Case Study:
Squash Labs

Sector: Software As A Service

Improve the existing customer experience for a new Software as a Service (SaaS) start-up to drive customer acquisition, decrease churn, and help drive revenue.
Segmentation of customers into specific segments and designed experiences specific to both. This segmentation and experience design uncovered an entirely new revenue opportunity for the technology that was never considered. Customer acquisition increased, churn decreased, and there was a noticeable increase in overall revenue.
Over the last 2 years, the small but dedicated team behind Squash Labs has been busy building an exciting new platform for software developers to easily test their applications. Integrating seamlessly with GitHub (a platform for developers to share and jointly work on code), the Squash platform provides a fast, easy, and transparent way for development teams to test their work through the web. The team secured some financing and recently released their first market-ready version, garnering excellent reviews from their growing user base.

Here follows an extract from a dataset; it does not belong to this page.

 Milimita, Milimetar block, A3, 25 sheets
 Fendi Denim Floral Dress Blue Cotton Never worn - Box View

Like any early-stage startup, customer acquisition and retention are their biggest challenges. The Squash team uses sophisticated tools to gather and analyze data about their users, using a wide variety of metrics to track use throughout their platform. However, understanding the motivations behind this behaviour is never immediately obvious from this typical data collection. They were seeing high states of churn from potential customers after signing up for a product trial and were unsure why. Furthermore, as they scaled up they were encountering more and more resistance from large-scale enterprises and wanted to understand know more.

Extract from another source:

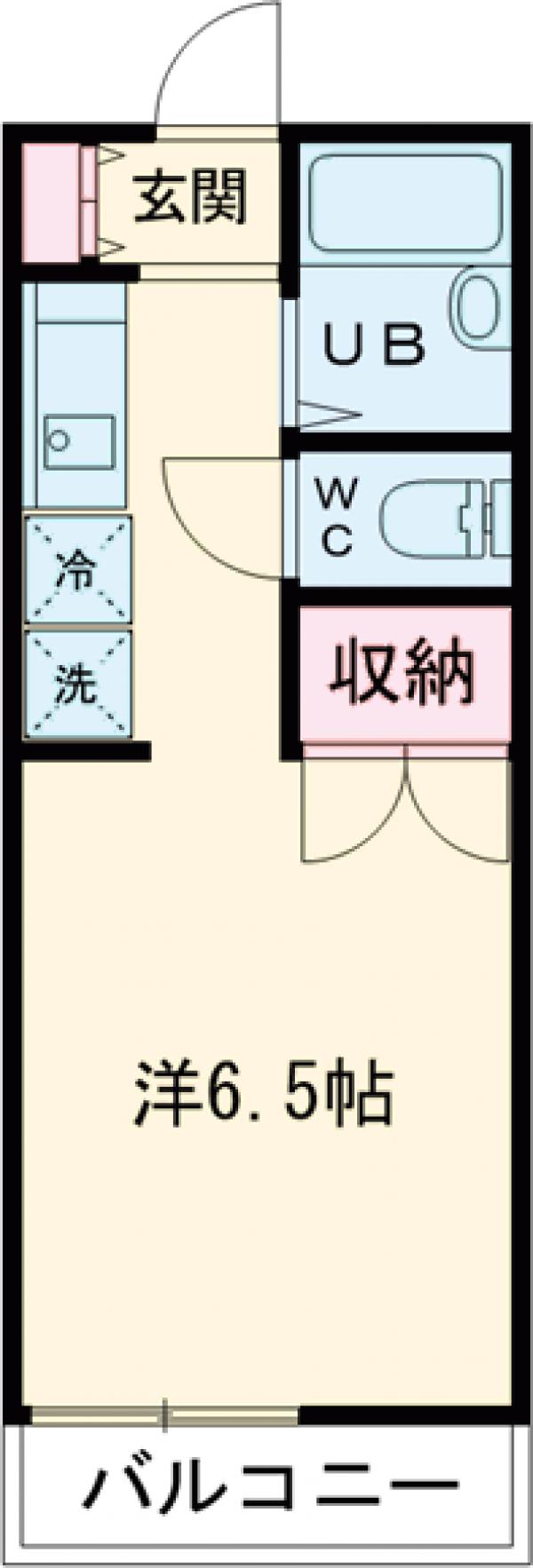 フロントの間取り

Recognizing the need to continue to improve their acquisition strategy and minimize churn, while needing to make the right decision on where to invest their limited resources, Squash Labs approached Nucleus Strategies with a question:

Can design thinking help acquire customers faster, retain more of them, and inform business development?

To ensure the work was human-centred, the collaboration began by reviewing the customer data to determine how and where customers were leaving Squash, and listening to the sales and support team around purchasing data and their experiences.

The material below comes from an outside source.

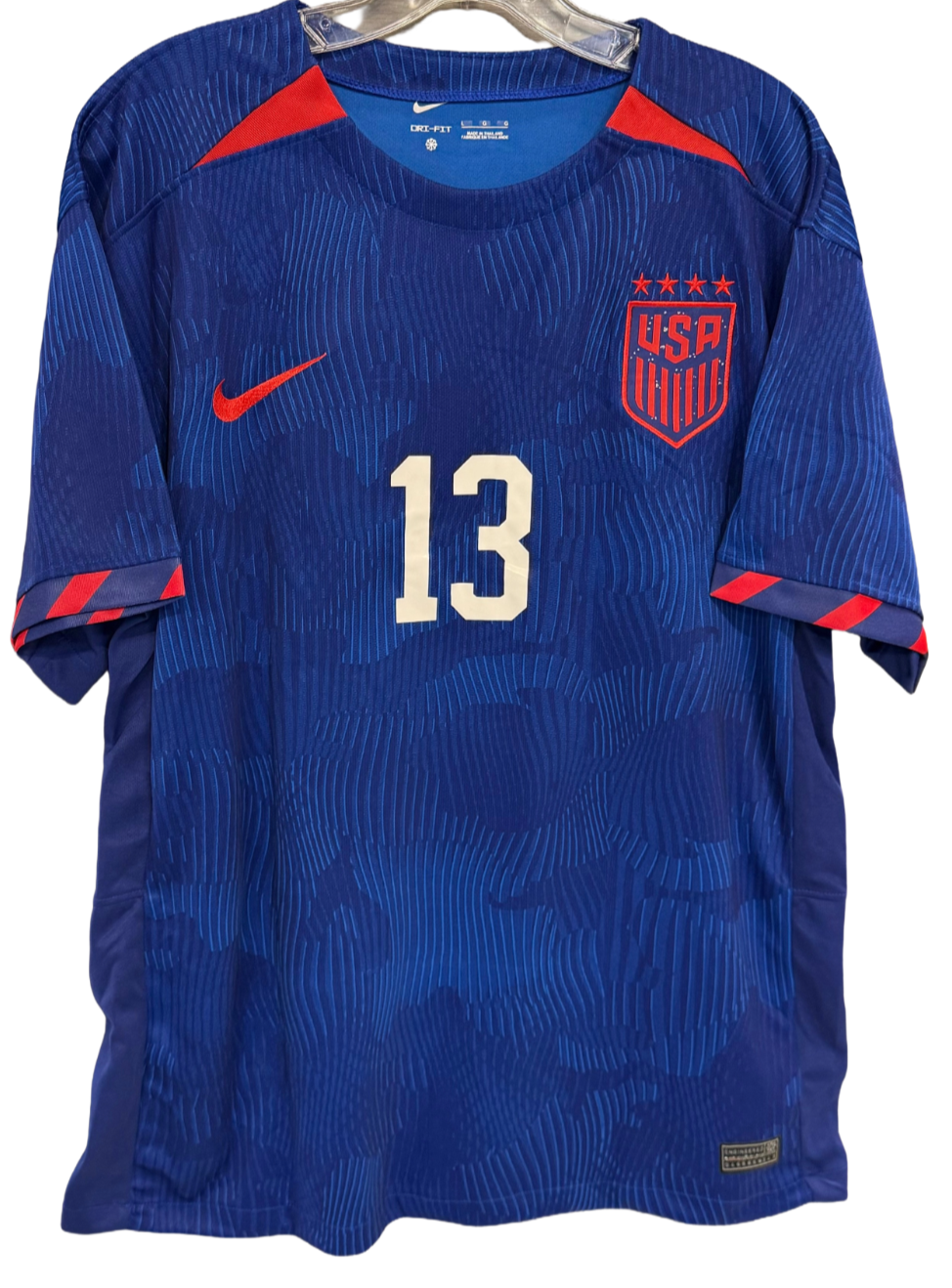 Alex Morgan Signed Nike Authentic Team USA Blue Jersey #13 L Auto SteinerCX COA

Then, the entire team participated in a series of workshops to visualize and map out the journeys of their customers from both the perspective of their customer and from the perspective of the Squash team. Once these workshops were completed, Nucleus conducted field research with both active customers and customers that had recently left the platform and the Squash team.

As a result of this exploration, a few themes emerged:

  • The people who use the platform (developers) and the people who authorize purchasing the license (CFO, CTO, VPEng) are usually different people and should be treated as unique customer segments.
  • These different segments have very different goals, aims, and jobs-to-be-done.
  • The non-developer segment was not represented in the current experience.
  • There were a number of gaps in the onboarding/sales process in the current experience.

Given these insights, the Squash team and Nucleus Strategies redefined the problem:

Can we use design thinking to meet the needs and expectations of both customer segments that results in increased customer acquisition, reduced churn, and increased revenue?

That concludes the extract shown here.